**TASK ITEM**: What needs reproducing is the run of lines in the data below starting at the line with "163 W New England Avenue" and ending at the line with "谬谬miumiu 原单春夏新款棒球帽，正品开模订制，原版做工细致质量超赞！", both ends included. Copy it exactly, without pictures, and add nothing.

**DATA FOR PROCESSING**:
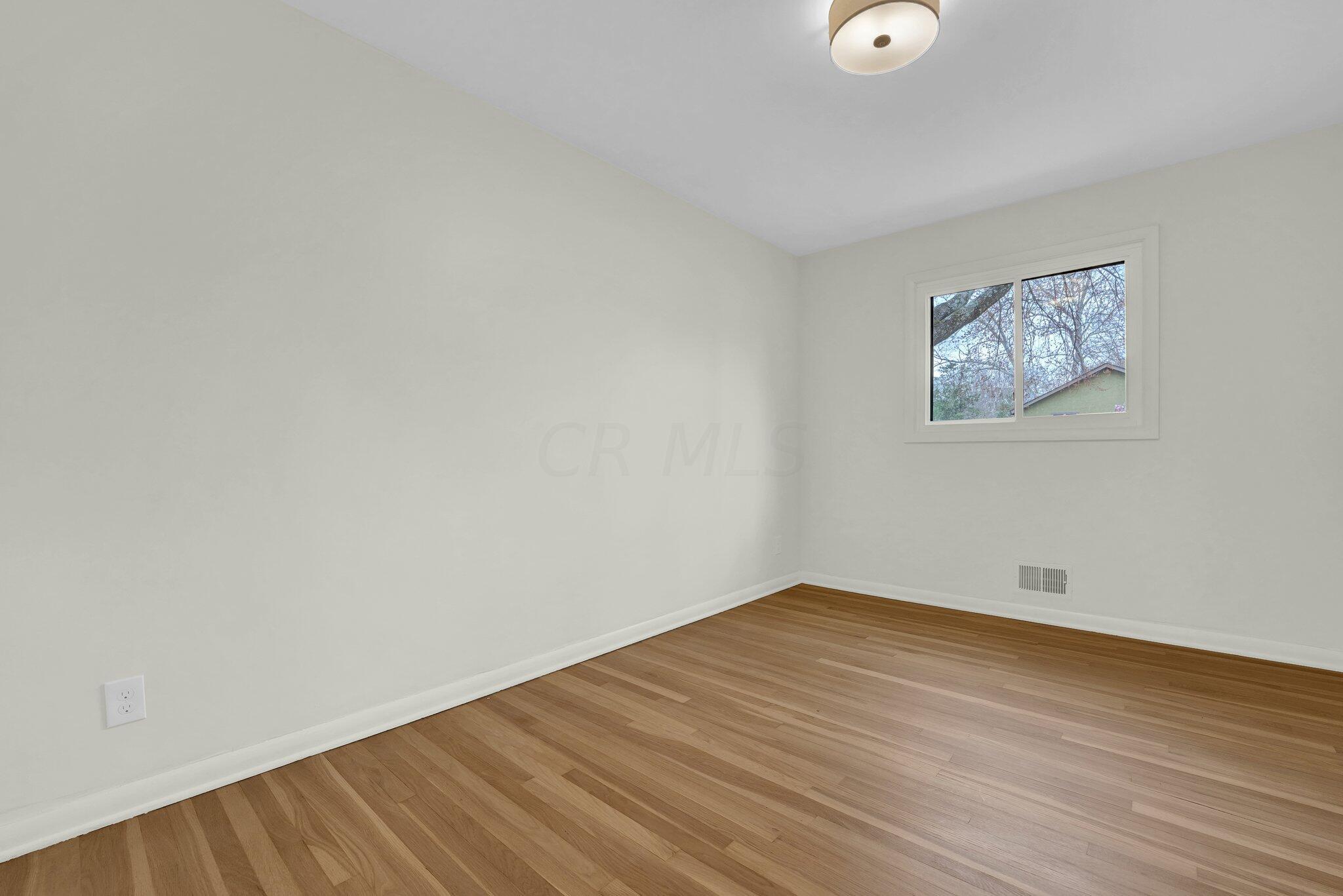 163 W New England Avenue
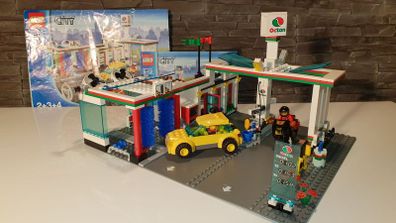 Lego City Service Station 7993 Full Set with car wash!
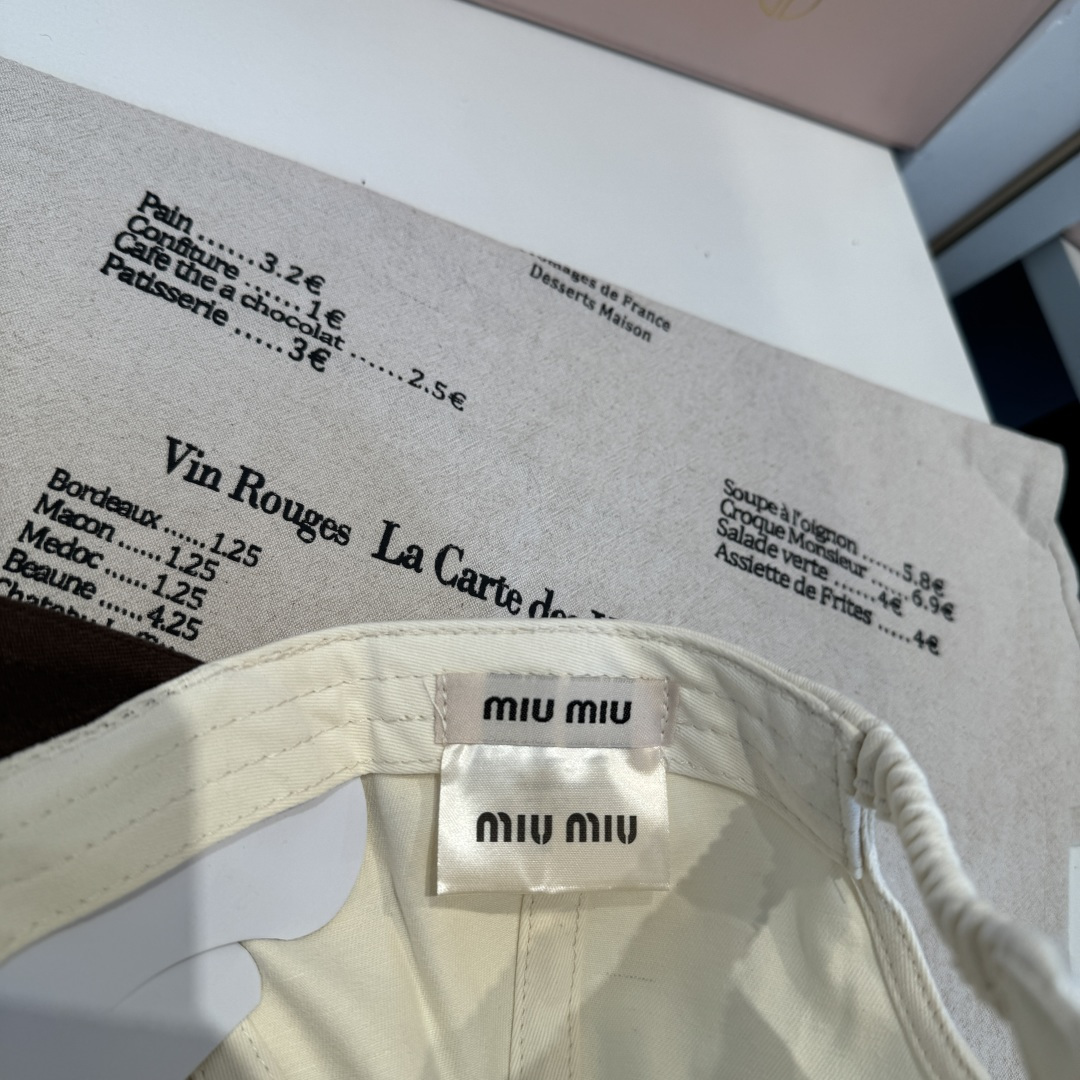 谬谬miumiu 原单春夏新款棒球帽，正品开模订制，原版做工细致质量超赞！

==

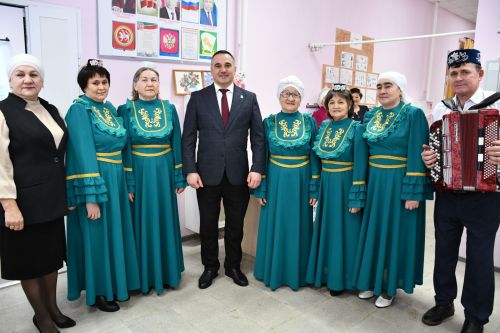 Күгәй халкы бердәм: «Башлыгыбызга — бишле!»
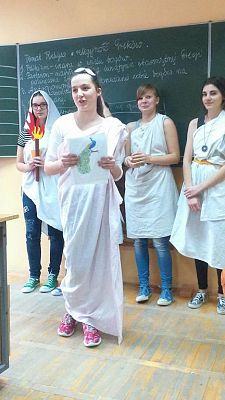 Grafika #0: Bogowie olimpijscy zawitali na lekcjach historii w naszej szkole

**ANSWER BOX**:
 163 W New England Avenue
 Lego City Service Station 7993 Full Set with car wash!
 谬谬miumiu 原单春夏新款棒球帽，正品开模订制，原版做工细致质量超赞！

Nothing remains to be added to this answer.